Read in multiple text files

Dnreb · April 17, 2014, 1:01pm

Hello,

I try to read in several text files from a directory.

Every document contains strings which I want to analyse.

Using Flat File Document Parser this works fine to get documents.

Is there a way to get the file names and created date as well as meta information into the documents or can this be added at a later step?

Thanks

kilian.thiel · April 23, 2014, 12:00pm

Hi,

with the Document Data Extractor you can extract the file path from parsed documents.

There is no node to get the creation date. So you would need to use a Java Snippet node and extract the creation date via Java code. Maybe this can help: http://stackoverflow.com/questions/21033928/how-to-get-proper-file-creation-date-of-file.

Cheers, Kilian

Dnreb · May 7, 2014, 5:11pm

Thanks for the help!

TimB · June 11, 2014, 9:37pm

Hi Dnreb,

just a small addition: one can also easily encode some file features in the filename itself e.g. by ARen (Advanced Renamer, freeware). There is a vast diversity of file features from simple creation or modification date to numbering within folders or read out device with which an image was recorded with and all other types of exif information that can be read out and e.g. be appended to the file name.

In a second step these features (written to file name) can be easily extracted if consisted separators are used with ARen.

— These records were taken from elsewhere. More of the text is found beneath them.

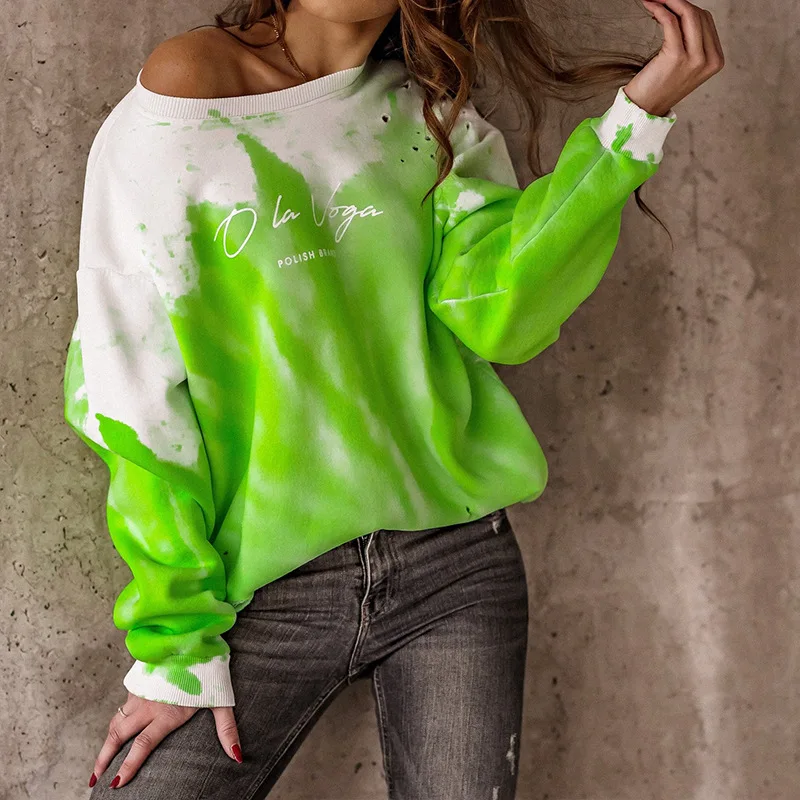 

New Fashion Womens Tie Dye Long Sleeve Hoodie Sweatshirt Letters Print Girl's Pullover Spring Autumn Loose Tops Casual T Shirt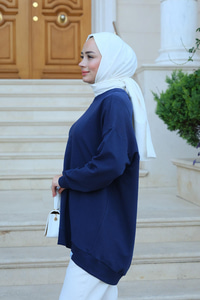 Bisiklet Yaka Oversize Sweat Lacivert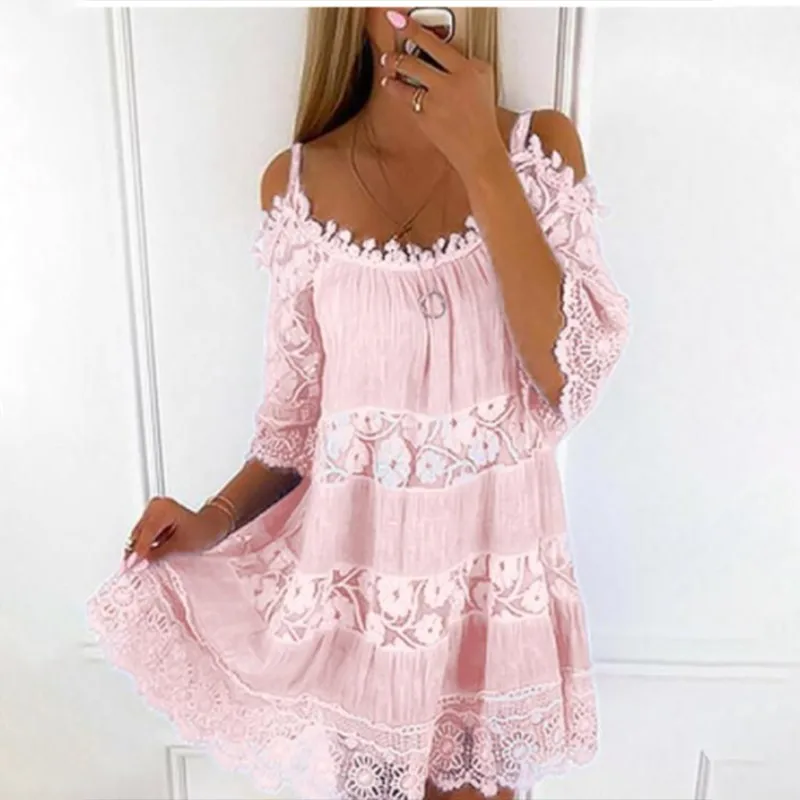 

Princess Style Dress Off Shoulder Lace Strap Dress Casual Solid Loose Dress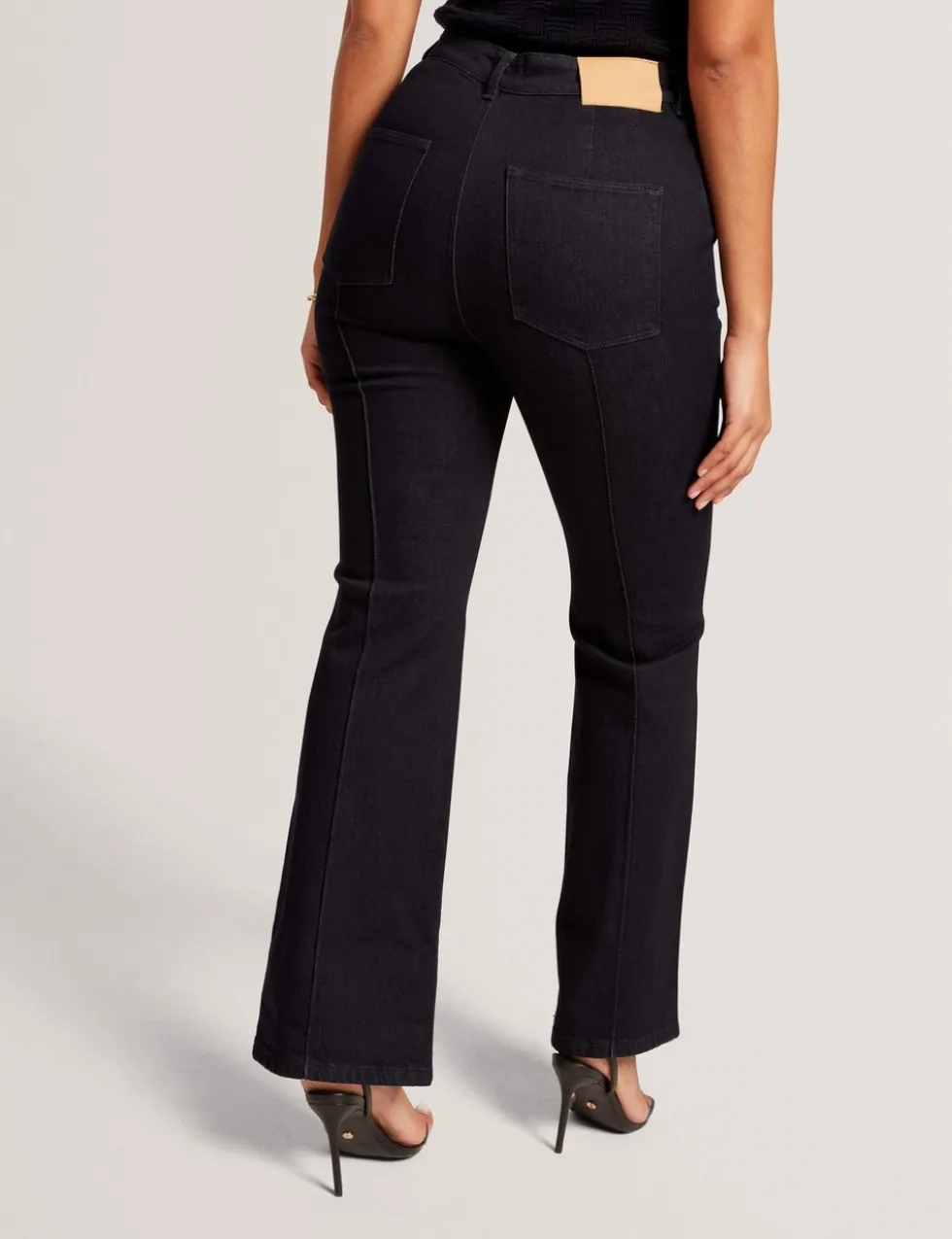 High Waisted Pintuck Flared Jeans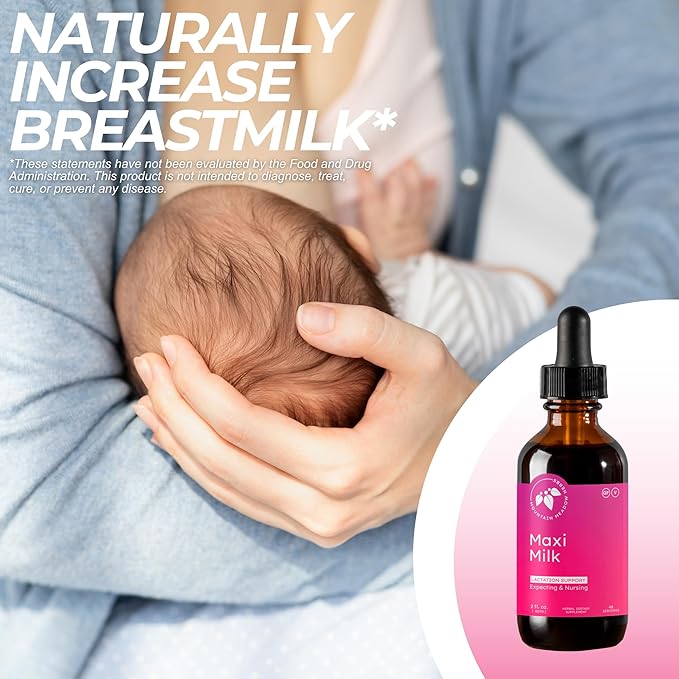 Mountain Meadow Herbs Maxi-Milk- Natural Liquid Lactation Support to Increase Breast Milk Production Quickly &amp Effectively for Breastfeeding Moms - 2 oz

RPattela · August 24, 2016, 5:09pm

Hello,

I have huge taxt files with same foramte and without delimiter like below.

4243919840103 00000001 000770600013RGT-WAY DED 00000000 CLARK FRANCIS

4243919850102 00000001 000804602044POWER ATTY 00000000 CHANCELLOR FANNIE

4243919890103 00000001 000947500944WARNTY DEED 00000000 MBANK MIDCITIES N

I built workflow using "List Files , Table Row To Variable Loop Start , File Reader, Loop End nodes" respectively for pulling all txt files. Here i am getting large number of duplicate values.Please help me out.

system · June 2, 2023, 9:48pm

This topic was automatically closed 90 days after the last reply. New replies are no longer allowed.